Brian Glanville, em seu definitivo A História da Copa do Mundo, cita um jornalista italiano: "A Inglaterra ainda estava em estado de choque, como um homem que acabara de ter a carteira roubada." Até o maior triunfo de Maradona tem algo de desabonador. Ele marcou dois gols na semifinal contra a Bélgica e, embora tenha tido uma final discreta contra a Alemanha Ocidental, fez o gol da vitória. Com Maradona, não se pode esquecer nunca o talento para o sublime, assim como não se pode esquecer nunca o dom de causar confusão.
Imagens, então, de um grande jogador no fim - ou perto do fim - da carreira na Copa do Mundo. Pelé, trocando a camisa com Bobby Moore, o capitão da Inglaterra - heróis do futebol, o respeito mútuo de dois homens seminus brilhantes e íntegros. E Maradona, numa corrida enlouquecida pelas drogas diante das câmeras em 1994. A vergonha assombraria Maradona mesmo depois de seus dias de jogador.
Pelé levaria uma vida de santificada respeitabilidade. Conseguiu até sobreviver a um escândalo financeiro e ao suposto roubo de quase meio milhão de libras esterlinas pertencentes à Unicef (processou seu sócio e fechou a companhia).
Há algo de infantil nos dois homens. Em Pelé, uma espécie de inocência gloriosa; em Maradona, uma recusa de assumir responsabilidade pelos próprios atos. Pelé se comporta como um homem especialmente abençoado; Maradona, como um homem que acredita ser singularmente perseguido.

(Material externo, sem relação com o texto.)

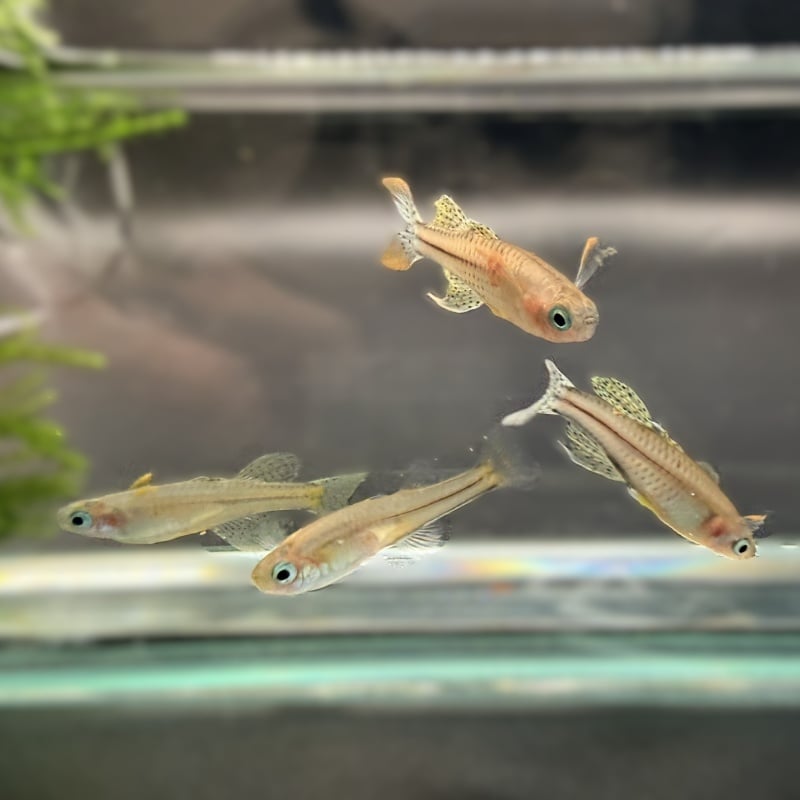 6-pack: Pseudomugil gertrudae (Spotted Blue eye Aru IV) Dwarf Rainbowfish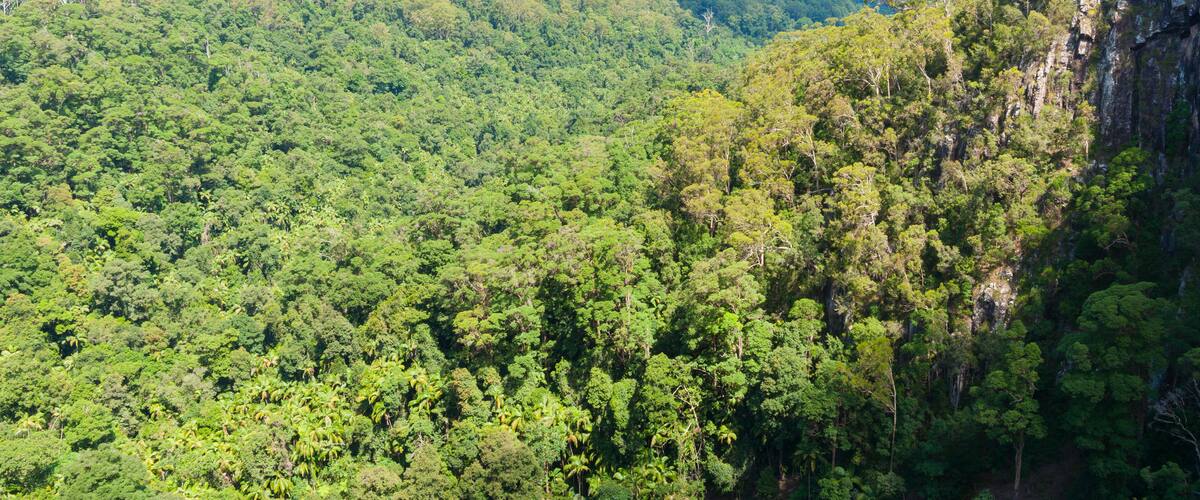 A dense forest with a steep cliff on the right.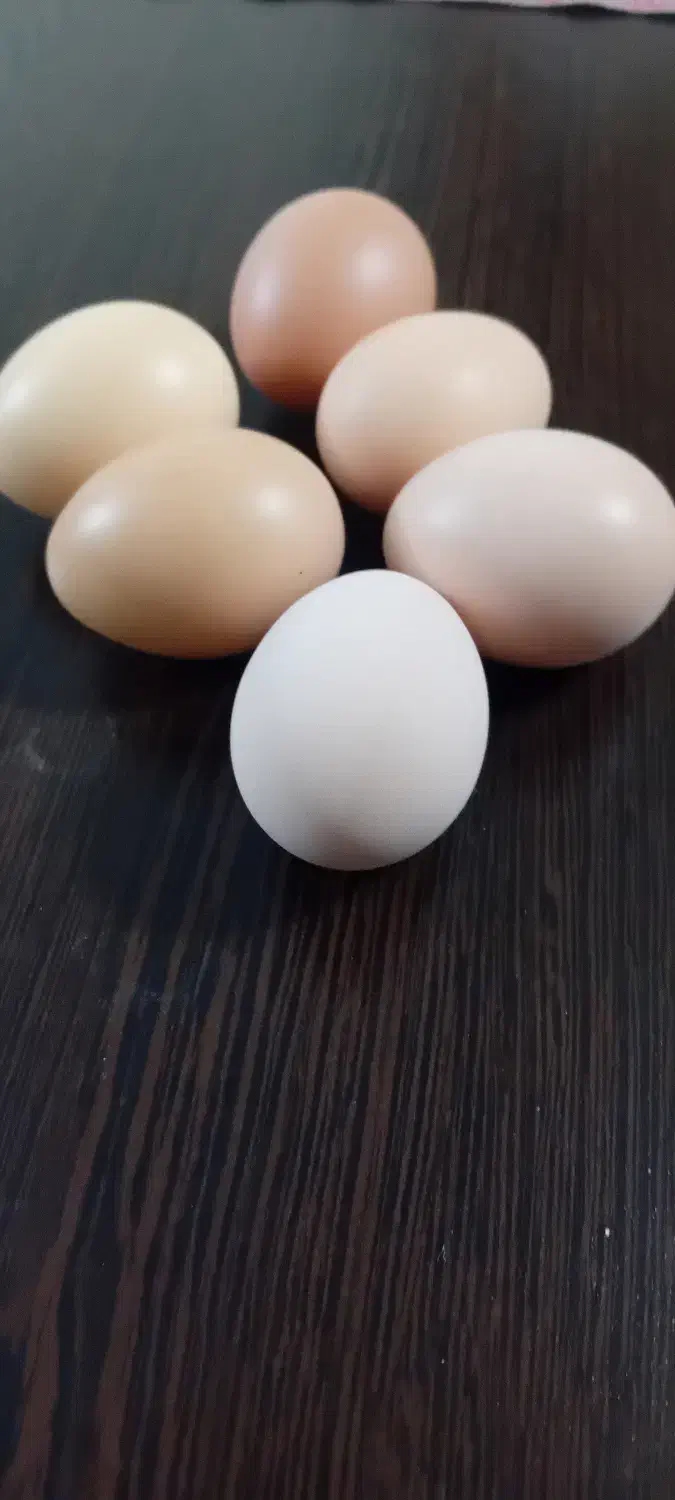 تخم مرغ رسمی گلپایگانی|خوردنی و آشامیدنی|پاکدشت, پاکدشت (مامازند)|دیوار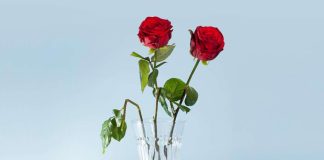 Ruusuja naistenpäivänä? Ei, vastaa YK:n tasa-arvojärjestö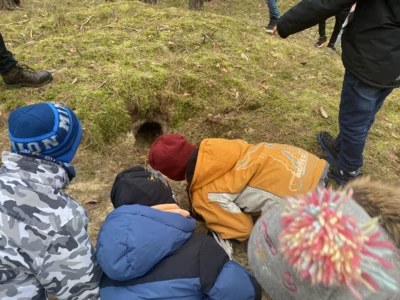 Foto des Albums: Spuren in der Natur 21.+23.01.26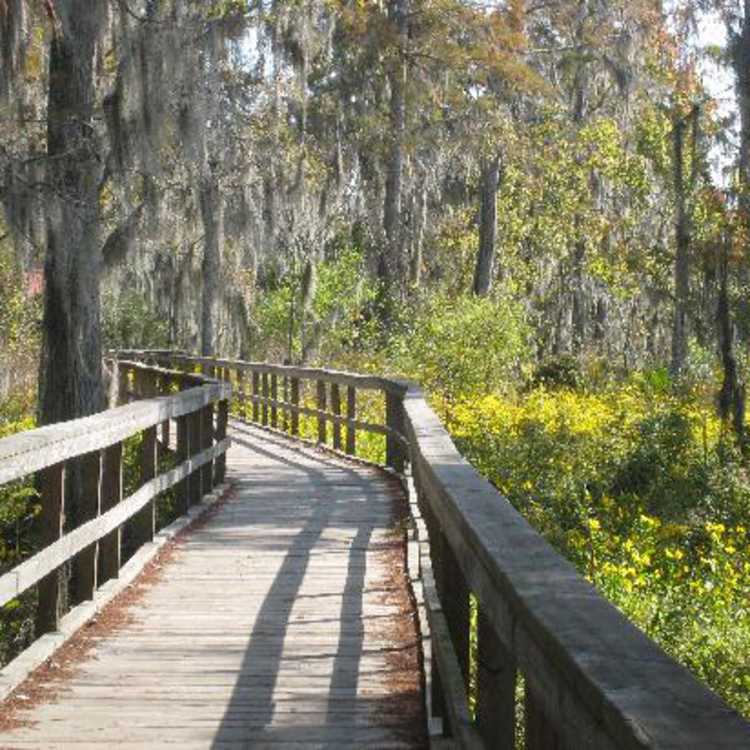 Wetland Trace - Lafitte Baratari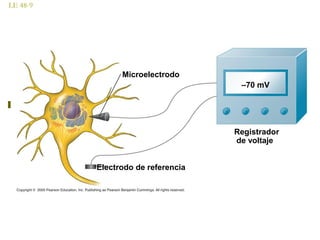LE 48-9
Microelectrodo
Electrodo de referencia
Registrador
de voltaje
–70 mV
 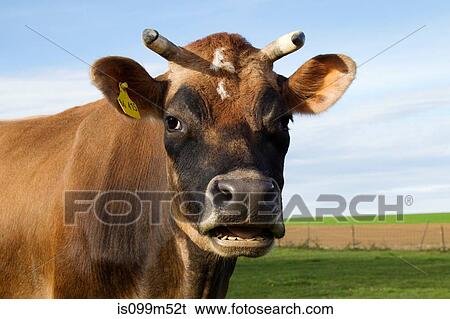 Cow looking at camera View Large Photo Image Stock Photograph - Cow looking at camera. Fotosearch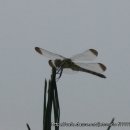 레이크펜션 이미지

Um sempre foi capaz de viver com dignidade; para o outro, a dignidade sempre foi algo estranho. Um se regalou com seus dons e a adulação que trouxeram; para o outro, o talento levou à autodestruição e ao desespero. Um é sinônimo de integridade, charme e prazer simples de viver; o outro, de complexo desgosto.
Por que tem de ser assim? É tentador alegar que os tempos mudaram. Vinte anos separam o nascimento dos dois. O esporte não foi um grande negócio para Pelé antes de ele se aposentar. Maradona sempre esteve cercado de pessoas desesperadas para chegar ao pote de mel. Mas Pelé tem ganhado dinheiro desde então - MasterCard, Coca-Cola, Nokia e, indiretamente (façam suas próprias piadinhas com embaixadas), Viagra - sem perder o amor e a boa-vida.
Maradona teria sido feliz se tivesse nascido em 1940? E Pelé? Infeliz se nascido em 1960? Duvido. Com Maradona, são as drogas que chamam a atenção, mas alguém não deixa de aceitar o mundo porque usa drogas. O contrário é que acontece.
Por que o gênio e a fama dariam a um homem uma vida de alegria e a outro uma vida de desespero? Dois homens, similares na habilidade e no amor que receberam ao longo de suas vidas. Um, abençoado; outro, amaldiçoado.